Task to carry out:
Set down, word for word, the stretch of lines from the one containing "Gold Bamboo Border" to the end of the records below.

[Start of section]

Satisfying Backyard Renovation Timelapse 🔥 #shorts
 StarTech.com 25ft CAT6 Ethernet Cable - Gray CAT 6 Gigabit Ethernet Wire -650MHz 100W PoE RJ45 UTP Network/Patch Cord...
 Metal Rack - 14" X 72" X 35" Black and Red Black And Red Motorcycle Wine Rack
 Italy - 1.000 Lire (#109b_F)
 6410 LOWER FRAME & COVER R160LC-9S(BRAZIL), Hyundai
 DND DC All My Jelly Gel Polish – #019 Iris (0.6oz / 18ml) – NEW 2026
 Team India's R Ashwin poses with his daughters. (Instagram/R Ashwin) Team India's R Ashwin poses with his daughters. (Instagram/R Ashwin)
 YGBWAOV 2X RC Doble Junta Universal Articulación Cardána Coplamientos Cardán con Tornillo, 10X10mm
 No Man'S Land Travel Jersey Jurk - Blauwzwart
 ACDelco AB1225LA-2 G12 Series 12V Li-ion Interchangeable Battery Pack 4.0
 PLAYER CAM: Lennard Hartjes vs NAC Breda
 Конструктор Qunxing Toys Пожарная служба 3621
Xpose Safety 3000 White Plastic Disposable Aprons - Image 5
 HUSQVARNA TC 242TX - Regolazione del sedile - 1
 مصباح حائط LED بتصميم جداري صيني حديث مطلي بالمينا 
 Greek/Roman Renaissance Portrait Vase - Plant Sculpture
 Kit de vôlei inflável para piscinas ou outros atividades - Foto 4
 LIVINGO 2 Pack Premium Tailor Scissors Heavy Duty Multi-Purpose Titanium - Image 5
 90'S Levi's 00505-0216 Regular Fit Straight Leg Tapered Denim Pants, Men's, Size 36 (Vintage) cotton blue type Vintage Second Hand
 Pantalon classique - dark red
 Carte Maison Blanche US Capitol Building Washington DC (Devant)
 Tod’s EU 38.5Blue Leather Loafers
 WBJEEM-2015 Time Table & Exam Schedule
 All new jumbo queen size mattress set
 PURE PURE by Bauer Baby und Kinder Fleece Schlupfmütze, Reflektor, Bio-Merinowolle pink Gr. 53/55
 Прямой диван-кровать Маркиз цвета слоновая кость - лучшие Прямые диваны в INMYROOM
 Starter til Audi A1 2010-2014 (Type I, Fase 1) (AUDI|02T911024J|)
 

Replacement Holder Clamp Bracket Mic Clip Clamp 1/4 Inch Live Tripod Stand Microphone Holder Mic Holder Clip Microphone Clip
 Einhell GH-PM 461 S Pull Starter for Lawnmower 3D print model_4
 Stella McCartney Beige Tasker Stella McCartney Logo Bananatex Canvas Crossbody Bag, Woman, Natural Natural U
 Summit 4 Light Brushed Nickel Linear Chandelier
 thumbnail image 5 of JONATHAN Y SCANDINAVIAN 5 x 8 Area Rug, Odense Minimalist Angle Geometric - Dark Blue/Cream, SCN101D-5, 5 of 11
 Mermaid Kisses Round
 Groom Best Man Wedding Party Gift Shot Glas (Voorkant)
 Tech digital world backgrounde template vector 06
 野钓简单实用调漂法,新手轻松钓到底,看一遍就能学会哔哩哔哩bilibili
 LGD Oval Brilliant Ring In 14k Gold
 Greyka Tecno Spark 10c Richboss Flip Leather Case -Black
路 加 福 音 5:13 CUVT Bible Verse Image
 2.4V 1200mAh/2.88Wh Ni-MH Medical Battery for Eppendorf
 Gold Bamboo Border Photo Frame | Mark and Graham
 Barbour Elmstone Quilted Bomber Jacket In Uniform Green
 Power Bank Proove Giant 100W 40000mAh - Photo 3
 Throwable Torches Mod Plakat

[End of section]

Exercise output:
 Gold Bamboo Border Photo Frame | Mark and Graham
 Barbour Elmstone Quilted Bomber Jacket In Uniform Green
 Power Bank Proove Giant 100W 40000mAh - Photo 3
 Throwable Torches Mod Plakat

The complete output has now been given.